Ils ont utilisé des algorithmes informatiques

« Il y a plus de 1 000 maillons dans la chaîne qui forme cette enzyme, et pour chaque maillon, vous avez le choix entre 20 acides aminés », dit-il. « Il y a trop de choix pour les simuler tous. » Pour réduire l’espace de recherche, l’équipe a appliqué des algorithmes informatiques qui imitent les types de substitutions d’acides aminés que l’on trouve dans les organismes réels. Cette approche – connue sous le nom de « consensus design » – produit des formes mutantes de l’enzyme qui n’existent pas dans la nature, mais qui sont plausibles comme celles qui existent.
Au final, l’équipe a obtenu trois nouvelles formes candidates de l’enzyme qui ont ensuite été produites et testées en laboratoire. Toutes trois étaient plus stables que la forme naturelle, mais une seule, qui comportait 37 substitutions d’acides aminés sur plus de 1 000 maillons de la chaîne, était à la fois plus stable et plus active.
« La chondroïtinase ABC naturelle perd la plupart de son activité en 24 heures, alors que notre enzyme remaniée est active pendant sept jours », explique Marian Hettiaratchi, l’autre coauteure principale de l’article. « C’est une énorme différence. Notre enzyme améliorée devrait dégrader la cicatrice gliale encore plus efficacement que la version naturelle utilisée par d’autres groupes de recherche », explique M. Hettiaratchi.

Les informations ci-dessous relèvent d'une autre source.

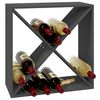 Immagine miniatura del prodotto 6 di 8
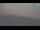 Webcam in Mühlbach, 7.5 km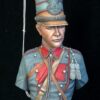 200-22 Polish Uhlan WWI - Image 7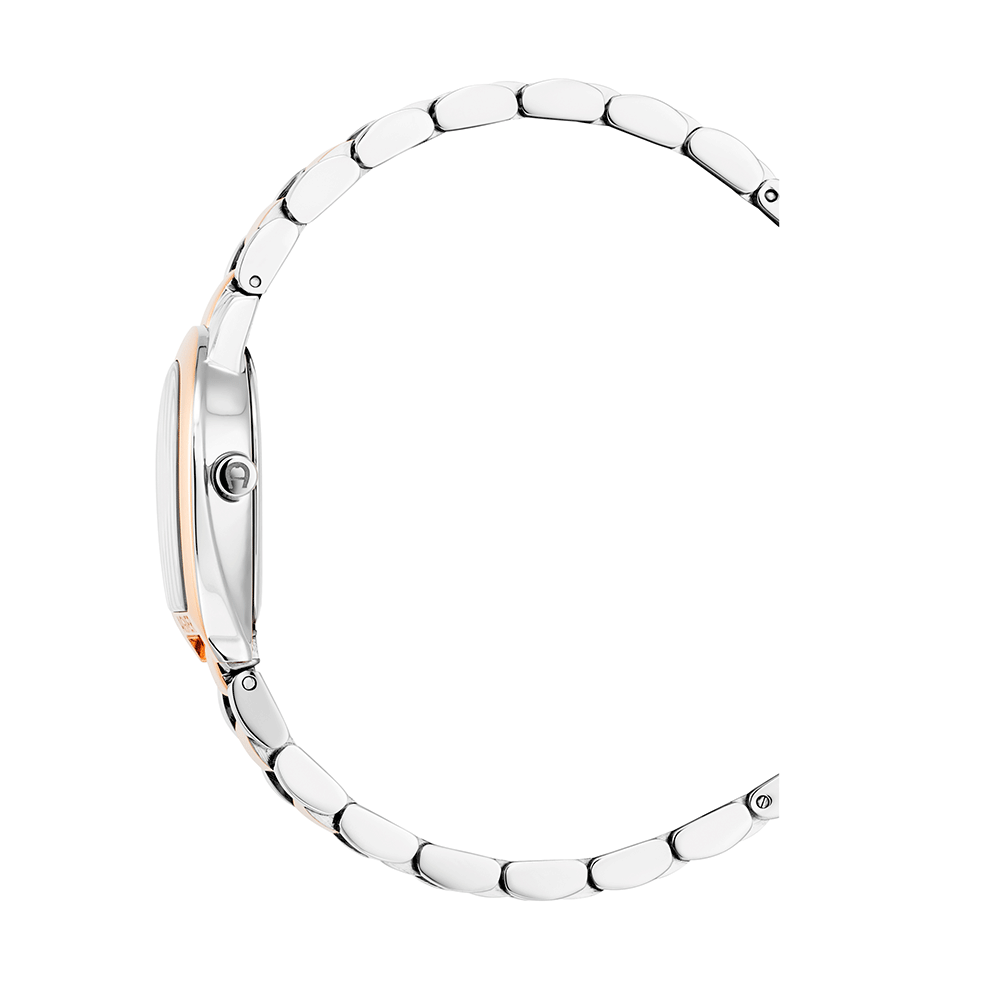 Aigner Alessandria Women's Watch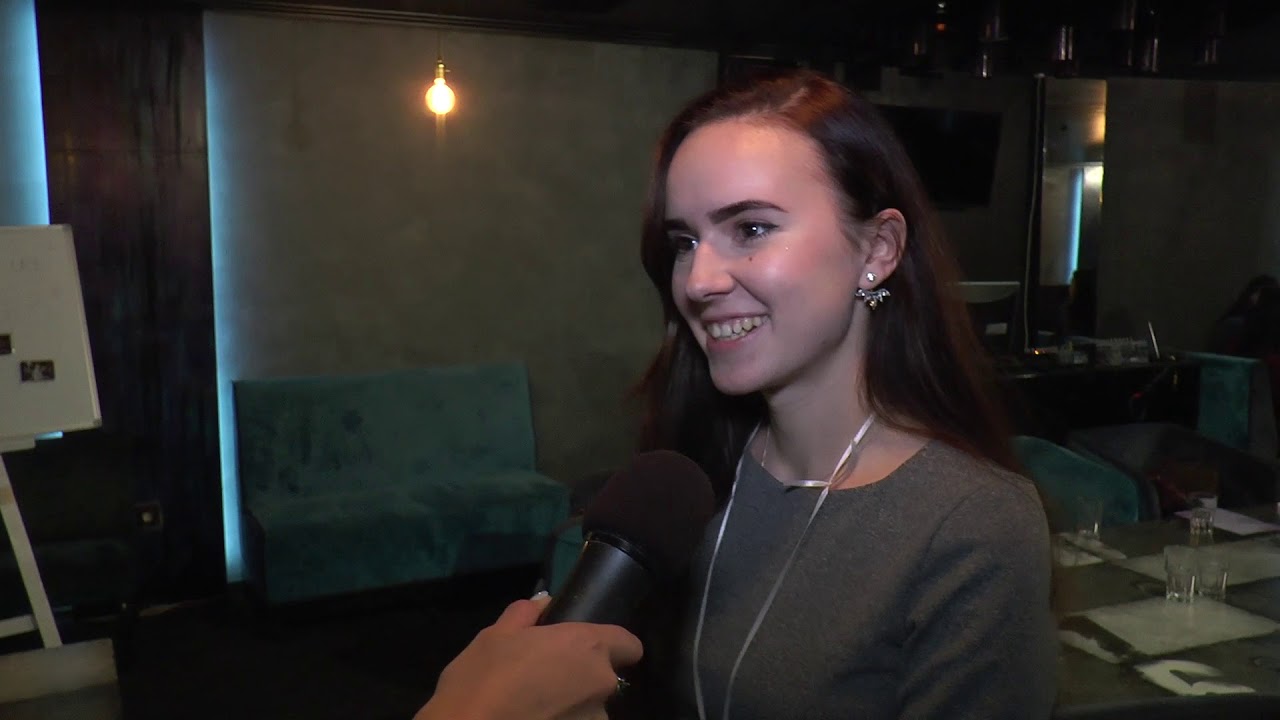 Уголовница карина телеграмм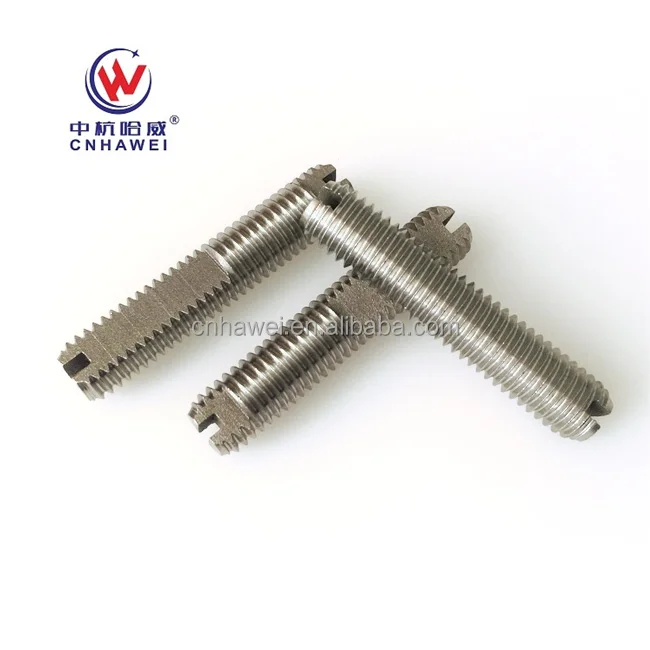 Custom thread rods (4)_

Tester cette nouvelle enzyme

La prochaine étape consistera à déployer cette enzyme améliorée dans le même type d’expériences où la forme naturelle était précédemment utilisée. Si cela fonctionne, les gens ayant une lésion de la moelle épinière, auront accès à une thérapie efficace et qui n’existe pas actuellement.
Cette recherche a été publiée dans Nature Neuroscience.